[SOURCE DATA — start]
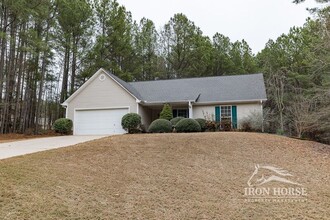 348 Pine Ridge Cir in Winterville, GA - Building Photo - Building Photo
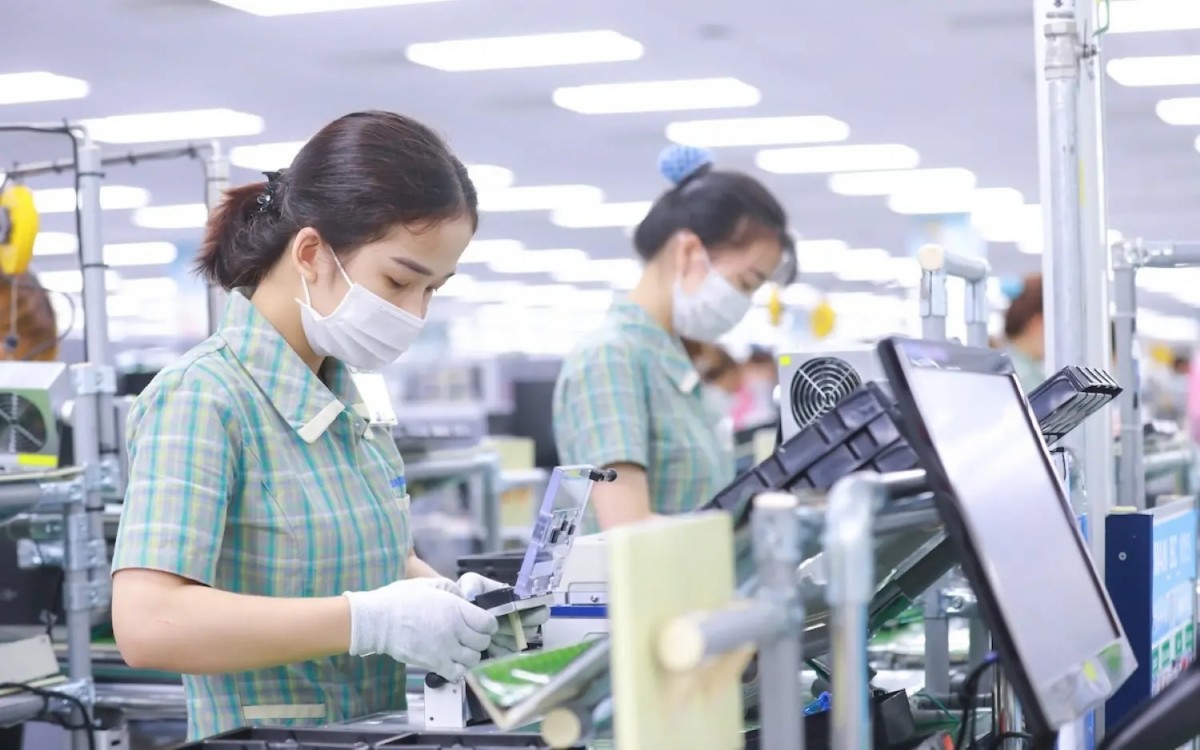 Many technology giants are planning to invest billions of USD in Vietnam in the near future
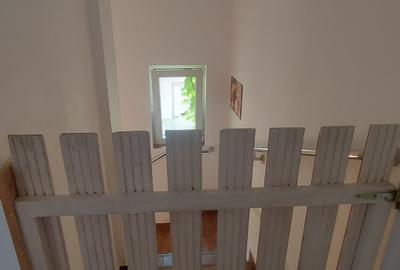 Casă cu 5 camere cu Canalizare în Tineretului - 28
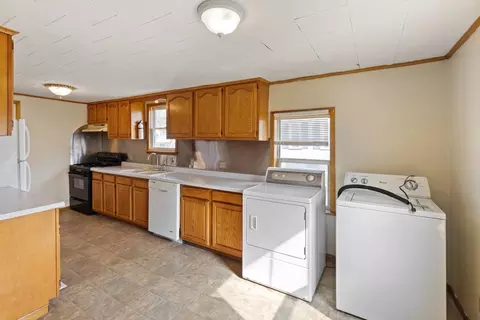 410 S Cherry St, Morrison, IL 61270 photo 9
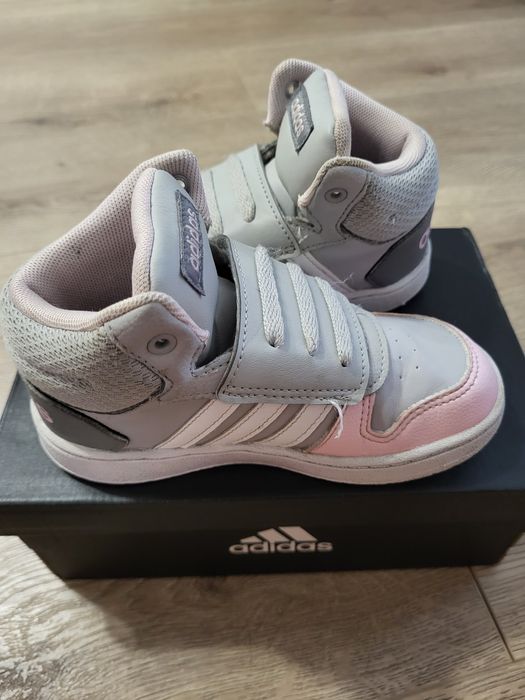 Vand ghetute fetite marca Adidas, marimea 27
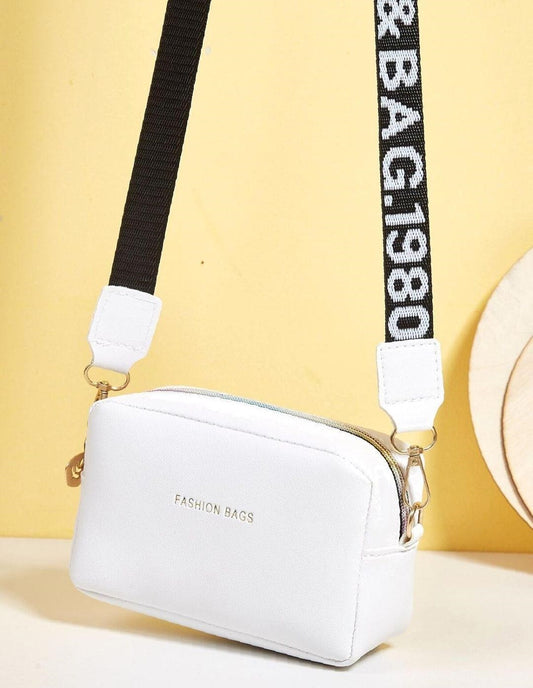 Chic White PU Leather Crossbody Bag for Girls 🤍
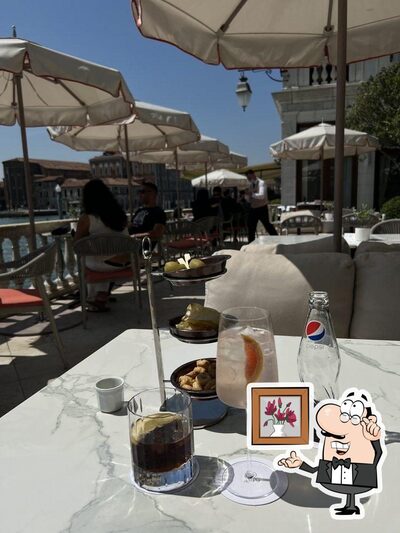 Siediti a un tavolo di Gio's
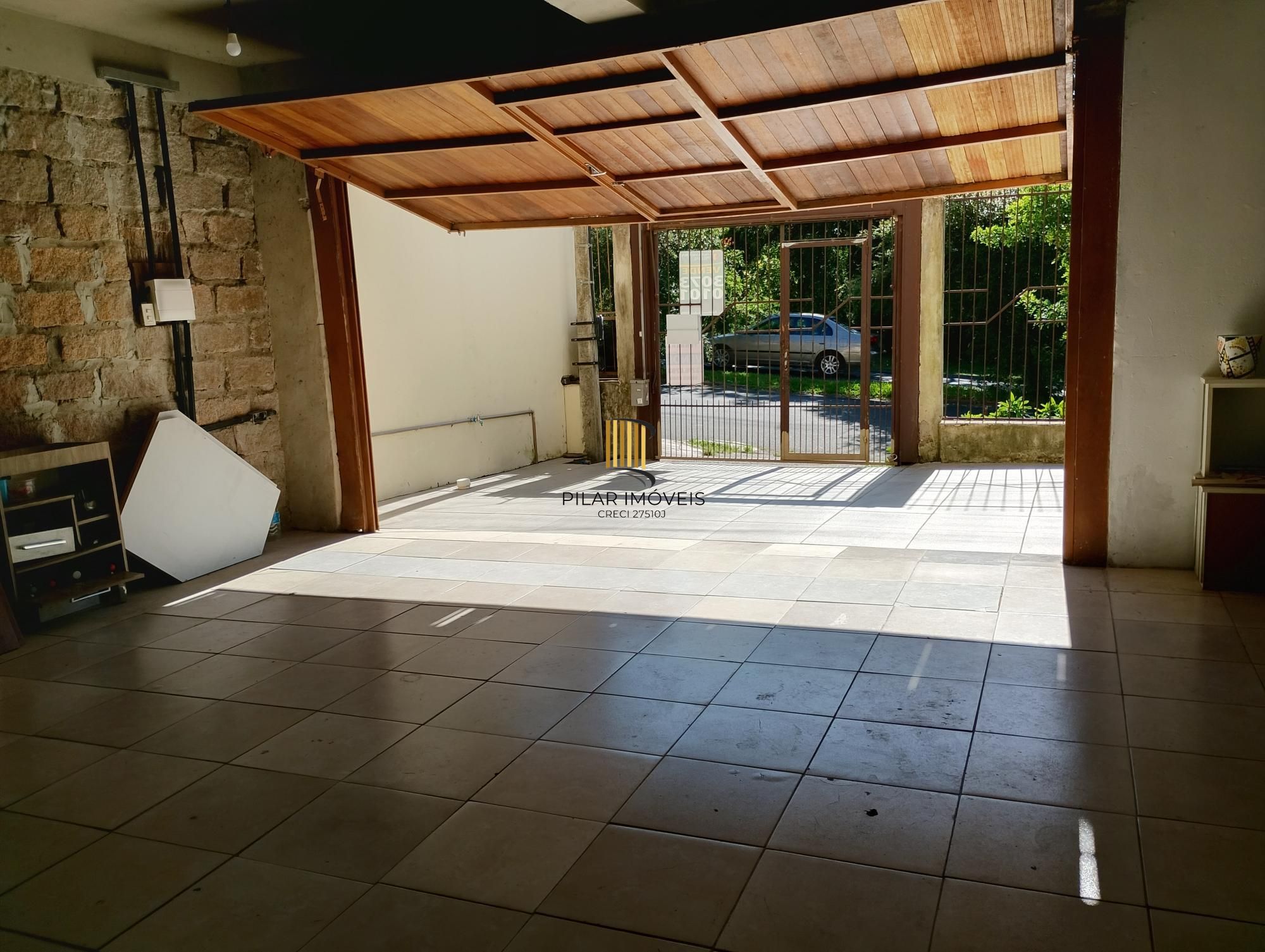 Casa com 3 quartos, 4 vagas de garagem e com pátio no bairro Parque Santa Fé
[SOURCE DATA — finish]
WORK ITEM:
Leaving every picture out, return the lines from the one containing "Siediti a un tavolo di Gio's" through the last line of the records exactly.

THE COMPLETED TASK:
 Siediti a un tavolo di Gio's
 Casa com 3 quartos, 4 vagas de garagem e com pátio no bairro Parque Santa Fé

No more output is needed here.